▶ Exercise brief
Beginning with the line that contains "گلدان دکوراتیو زاموفیلیا", reproduce every line through the end of the records below exactly, and leave the pictures out.

START Entries provided

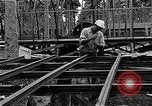 Image les travaux de construction 'Espiritu Santo Vanuatu, 1943, de la seconde 33 séquences d'archives historiques vidéo 65675070359
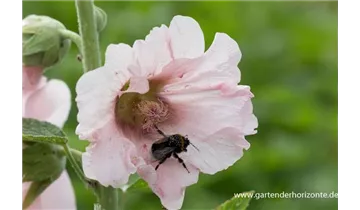 Gartenbaumschule Becker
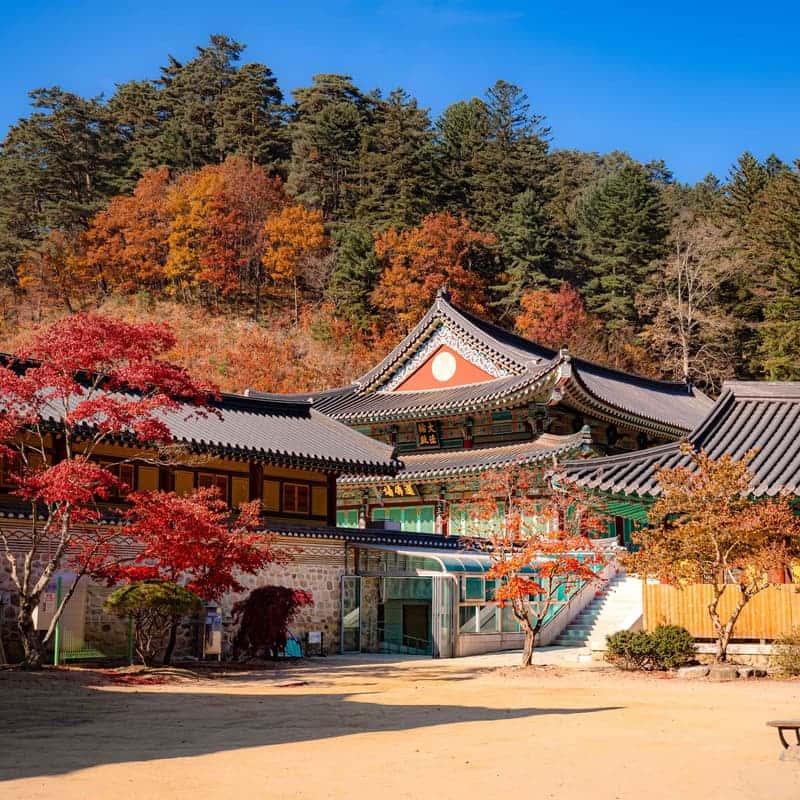 [평창/당일] 단풍 투어🍁 발왕산케이블카+천년주목숲길+오대산 월정사전나무숲+산채정식 사진 6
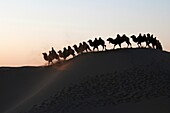 In October 2009, China's Inner Mongolia Autonomous Region EJINAQI, camel train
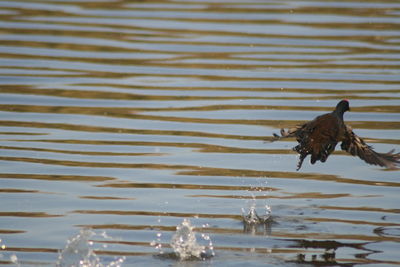 Red-knobbed coot flying over water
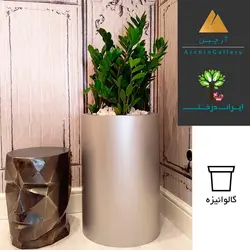گلدان دکوراتیو زاموفیلیا شماره 24 - ایران درخت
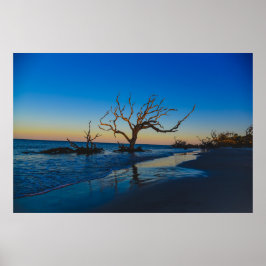 Driftwood Beach Jekyll Island Georgia USA Poster
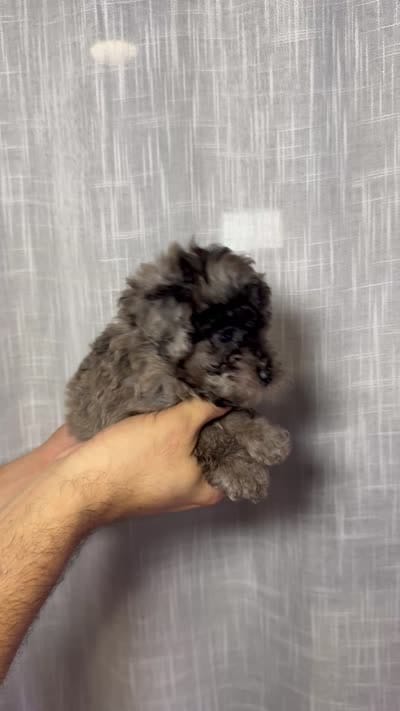 Toy Poodle, a male Poodle - Toy  for sale in Orlando, FL – 7 of 7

END Entries provided

▶ Task result
گلدان دکوراتیو زاموفیلیا شماره 24 - ایران درخت
 Driftwood Beach Jekyll Island Georgia USA Poster
 Toy Poodle, a male Poodle - Toy  for sale in Orlando, FL – 7 of 7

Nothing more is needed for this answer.